Torts: Standard of Care of Operator of Emergency Vehicle
Jennings v. Agne, No. 1 CA-SA 22-0090 (App. Div. I, October 20, 2022) (J.Perkins) https://www.azcourts.gov/Portals/0/OpinionFiles/Div1/2022/1%20CA-SA%2022-0090%20JENNINGS%20et%20al%20v.%20HON%20AGNE.pdf
OPERATOR OF EMERGENCY VEHICLE USING BELL, SIREN OR EXHAUST WHISTLE AND WARNING LIGHT IS NOT LIABLE UNLESS ACTING IN RECKLESS DISREGARD
City of Mesa Police Officer Jennings entered an intersection on a red light with lights and sirens to clear the intersection for herself and other emergency vehicles on an emergency call for back up of an officer with a gun drawn on an armed suspect. Plaintiff collided with Jennings's vehicle. Plaintiff sued alleging negligence. Defendants moved for summary judgment claiming that the standard of care was either recklessness or gross negligence and not simple negligence. The Arizona Court of Appeals accepted special action jurisdiction of the trial court's denial of the motion and granted the defendants the relief requested.

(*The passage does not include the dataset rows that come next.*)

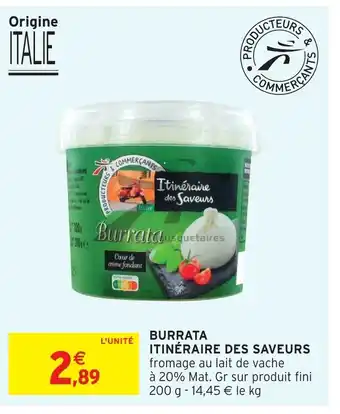 Intermarché Hyper Burrata Itinéraire Des Saveurs offre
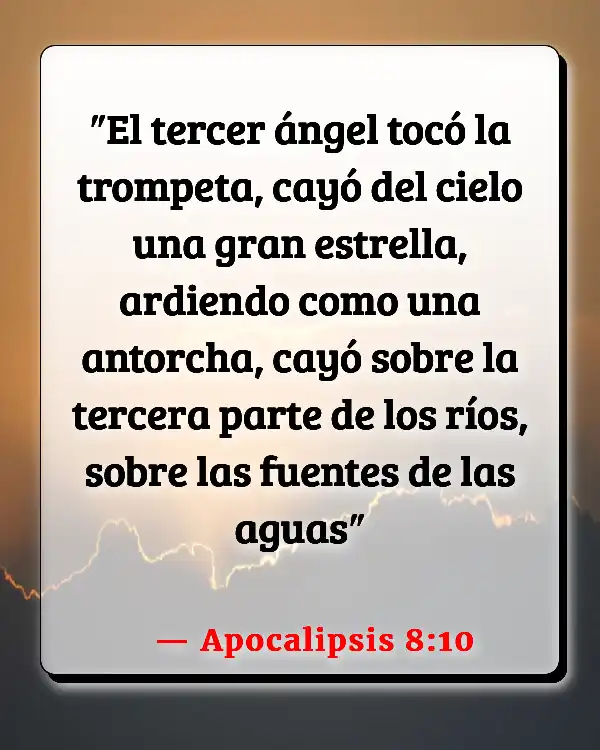 Versículos De La Biblia   	Plagas  (Apocalipsis 8:10)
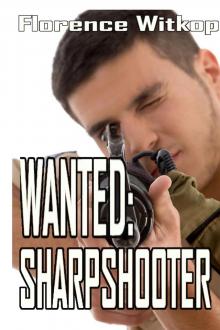 Wanted:  Sharpshooter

Arizona statutes give operators of emergency vehicles the right to “disregard laws governing the direction of movement or turning” so long as the operator is responding to an emergency and has lights and sirens on. A.R.S. § 28-624. These statutes control and require proof of a driver's reckless disregard for safety to maintain an action for tort damages arising out of a collision with an emergency vehicle so long as the driver used an emergency “bell, siren or exhaust whistle” and at least on emergency light.
Further, while driving is ordinarily a ministerial task not protected by qualified immunity, driving in response to an emergency police call for backup is not and is protected. “The public simply cannot afford for those individuals charged with securing and preserving community safety to have their judgment shaded out of fear of subsequent lawsuits.”